# What this task involves:
Reproduce verbatim only the line that holds "For iPhone 12" and the lines that follow it to the end of the listing.

** Opening Material to process block **

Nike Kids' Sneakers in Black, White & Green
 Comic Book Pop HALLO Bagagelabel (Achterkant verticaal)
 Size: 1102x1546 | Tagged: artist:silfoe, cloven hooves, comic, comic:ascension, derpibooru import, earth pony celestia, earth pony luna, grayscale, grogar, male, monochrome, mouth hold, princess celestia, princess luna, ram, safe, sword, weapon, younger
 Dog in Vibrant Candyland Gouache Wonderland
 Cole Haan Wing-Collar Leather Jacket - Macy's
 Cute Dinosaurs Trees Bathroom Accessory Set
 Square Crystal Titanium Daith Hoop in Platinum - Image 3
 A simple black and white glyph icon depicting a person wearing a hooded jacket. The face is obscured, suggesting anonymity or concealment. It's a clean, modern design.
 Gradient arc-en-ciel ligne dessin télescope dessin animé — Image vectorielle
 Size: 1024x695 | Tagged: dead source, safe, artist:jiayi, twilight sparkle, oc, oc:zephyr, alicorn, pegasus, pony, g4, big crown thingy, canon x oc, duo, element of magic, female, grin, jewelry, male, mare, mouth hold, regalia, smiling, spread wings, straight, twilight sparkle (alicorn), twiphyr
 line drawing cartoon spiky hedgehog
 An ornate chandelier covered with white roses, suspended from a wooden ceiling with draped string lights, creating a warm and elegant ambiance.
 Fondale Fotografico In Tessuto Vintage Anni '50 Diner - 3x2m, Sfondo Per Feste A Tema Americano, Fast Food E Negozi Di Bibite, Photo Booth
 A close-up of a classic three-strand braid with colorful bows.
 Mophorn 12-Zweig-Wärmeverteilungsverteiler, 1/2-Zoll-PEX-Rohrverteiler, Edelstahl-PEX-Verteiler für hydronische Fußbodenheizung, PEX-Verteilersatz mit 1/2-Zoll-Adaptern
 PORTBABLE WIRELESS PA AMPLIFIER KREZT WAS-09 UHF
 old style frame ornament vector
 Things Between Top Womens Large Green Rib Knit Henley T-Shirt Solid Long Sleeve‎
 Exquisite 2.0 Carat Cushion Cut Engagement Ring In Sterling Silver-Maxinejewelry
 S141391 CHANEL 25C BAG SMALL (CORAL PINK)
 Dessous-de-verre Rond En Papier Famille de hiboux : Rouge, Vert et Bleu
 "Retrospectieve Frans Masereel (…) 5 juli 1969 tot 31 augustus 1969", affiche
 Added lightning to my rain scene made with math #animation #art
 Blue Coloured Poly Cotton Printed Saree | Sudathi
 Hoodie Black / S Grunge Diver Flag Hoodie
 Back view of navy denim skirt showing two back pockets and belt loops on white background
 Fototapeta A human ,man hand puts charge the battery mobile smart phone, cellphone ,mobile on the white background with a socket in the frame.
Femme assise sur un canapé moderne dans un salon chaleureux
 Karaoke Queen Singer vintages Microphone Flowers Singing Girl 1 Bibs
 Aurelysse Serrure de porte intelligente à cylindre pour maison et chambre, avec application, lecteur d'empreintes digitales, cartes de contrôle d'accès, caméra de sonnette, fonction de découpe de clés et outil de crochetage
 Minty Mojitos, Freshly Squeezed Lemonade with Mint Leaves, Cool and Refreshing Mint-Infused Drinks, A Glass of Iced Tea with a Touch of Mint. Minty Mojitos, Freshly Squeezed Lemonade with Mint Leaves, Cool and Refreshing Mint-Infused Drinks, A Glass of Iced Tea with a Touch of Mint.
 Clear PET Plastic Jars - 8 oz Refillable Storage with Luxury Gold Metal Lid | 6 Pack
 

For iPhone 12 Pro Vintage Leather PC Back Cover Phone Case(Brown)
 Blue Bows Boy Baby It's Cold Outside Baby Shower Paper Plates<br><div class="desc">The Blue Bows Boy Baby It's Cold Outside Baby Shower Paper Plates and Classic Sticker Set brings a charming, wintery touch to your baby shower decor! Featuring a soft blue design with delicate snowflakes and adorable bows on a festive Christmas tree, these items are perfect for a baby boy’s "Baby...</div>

** Closing Material to process block **

# Written solution:
For iPhone 12 Pro Vintage Leather PC Back Cover Phone Case(Brown)
 Blue Bows Boy Baby It's Cold Outside Baby Shower Paper Plates<br><div class="desc">The Blue Bows Boy Baby It's Cold Outside Baby Shower Paper Plates and Classic Sticker Set brings a charming, wintery touch to your baby shower decor! Featuring a soft blue design with delicate snowflakes and adorable bows on a festive Christmas tree, these items are perfect for a baby boy’s "Baby...</div>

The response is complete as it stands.